-
Type: Bug
-
Resolution: Unresolved
-
Priority: Major - P3
-
None
-
Affects Version/s: 6.0.5
-
Component/s: None
-
Query Execution
-
ALL
-
Sharding EMEA 2023-05-01, Sharding EMEA 2023-05-15
Mongosync in the above log receives a CursorNotFound error. The cursor in question, though—5131255404875629212—appears to be internal to mongos and mongod.
The first occurrence of 5131255404875629212 in the logs is on shard1 node2 (s1:n2) and indicates a slow query.
The next occurrence, on shard0 node 0, indicates that the shard0 node that's answering mongosync's query is "not in primary or recovering state". Note that this isn't cursor 5131255404875629212, but it might be related.
The next occurrence after that, on shard0 node 1, is where we start seeing CursorNotFound.
The line after that is where mongos indicates CursorNotFound, and the line thereafter is where mongosync reports it.

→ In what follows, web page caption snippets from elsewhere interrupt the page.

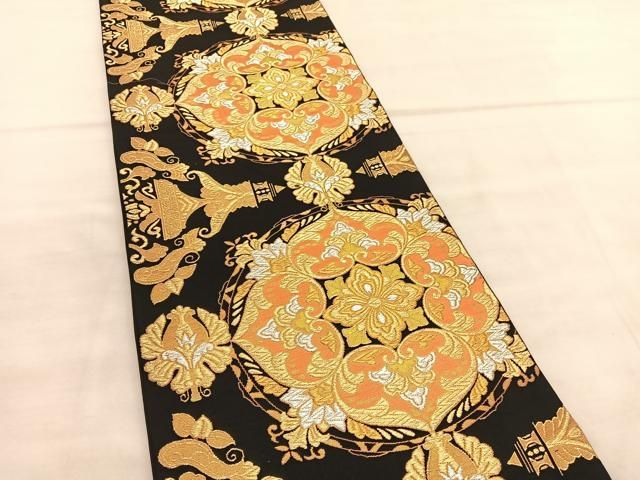 紹巴 袋帯 蒔絵清華百花文 牡丹 花文様 金糸 正絹 六通 Q275 【公式通販】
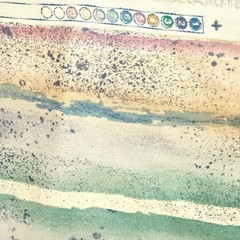 Vintage 1991 Margin Fabric 5.8 Yards 210×57 Watercolor Stripe Pastel Beach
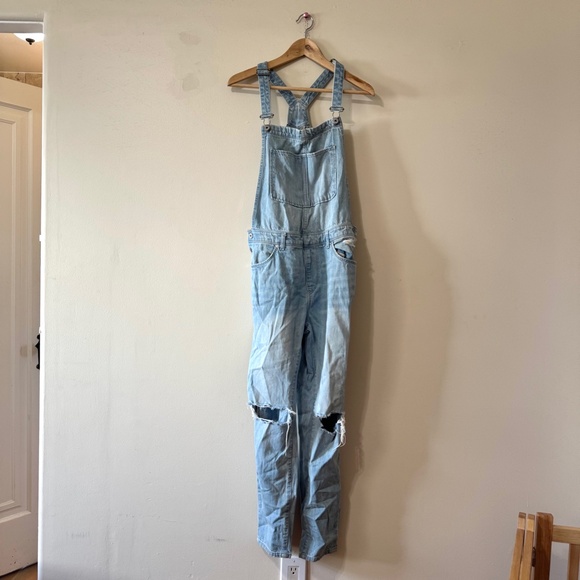 H&M Denim Overalls Long Pants Jean Distressed Knee patch 8 - Picture 1 of 9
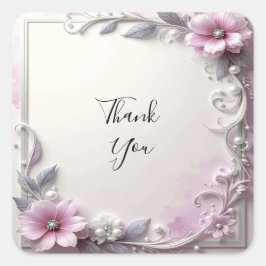 Pegatina Cuadrada Pink Floral Frame Sticker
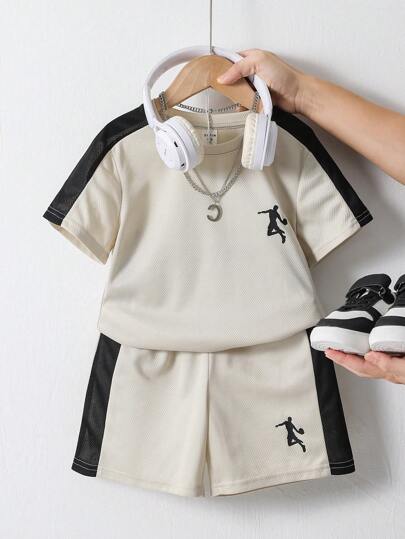 SHEIN 2-Pc Young Boys Sports Graphic Print Stitching Color Blocking Crew Neck Short Sleeve T-Shirt & Shorts Summer Outfit Set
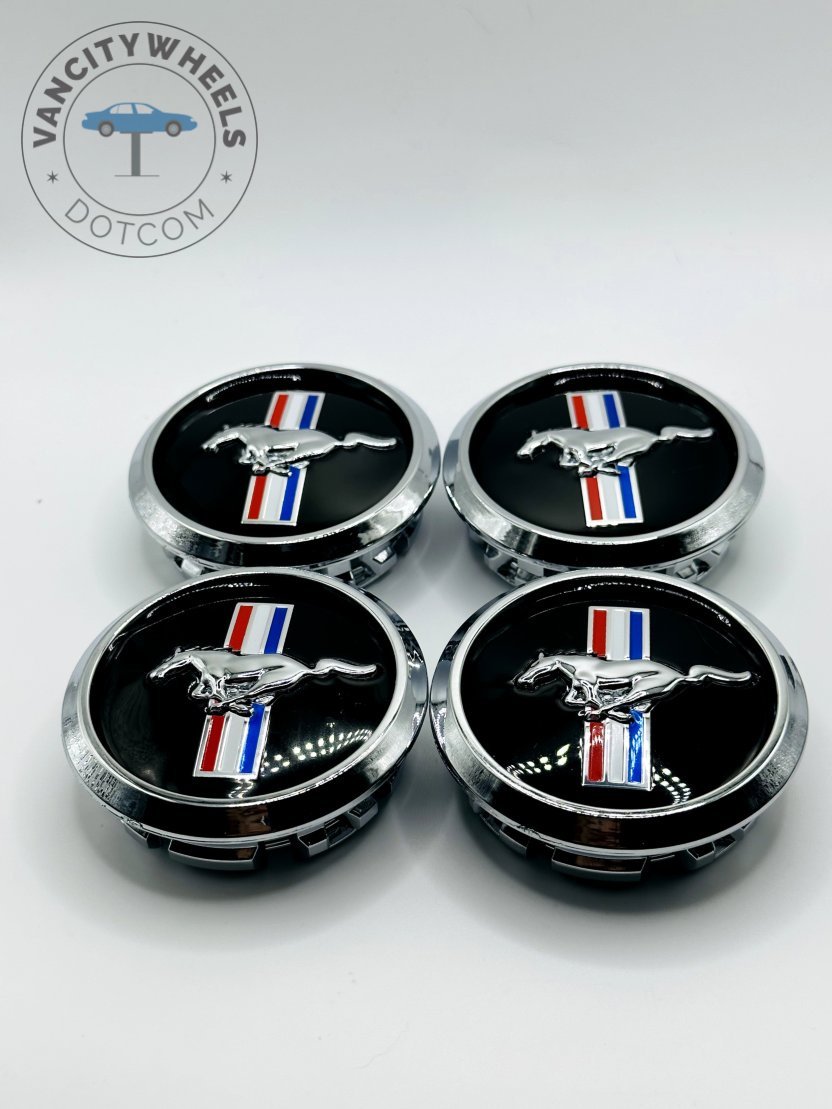 Set Of 4 Black Ford Mustang Alloy Wheel Center Caps 67mm, Black Center Hub Caps For Mustang Cars 67mm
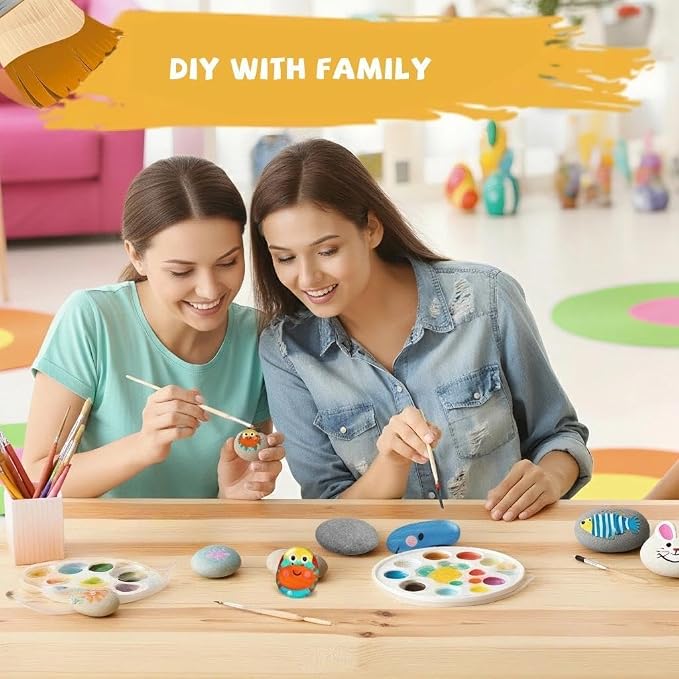 ReePlan 26PCS Rocks for Painting, 3 Sizes Flat River Rocks for Painting - Image 7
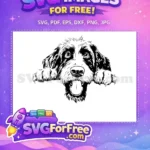 Free Peeking Doodle Dog Free Wide Eyed Paws Pet Art Free SVG - Instant Download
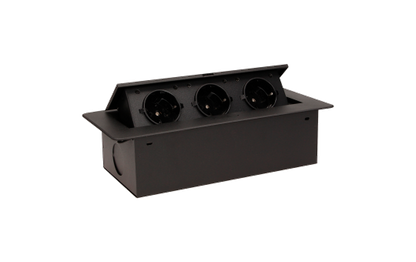 Tisch-Einbausteckdose, 3fach, schwarz, 2500W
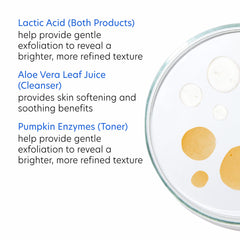 PCA SKIN Cleanse & Tone kit bottles arranged on bathroom counter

There appear to be a couple issues here:
1. Whatever is causing the CursorNotFound
2. It seems like mongos shouldn't report CursorNotFound to mongosync here since (if I'm understanding the logs correctly) that is its own cursor for querying shard-rs1, not something that mongosync knows or (directly) cares about.
The log indicates an election in shard-rs0 as well as a stepUp in shard-rs1. Maybe these are related?
A potential workaround for mongosync is to treat CursorNotFound as a transient, retryable error.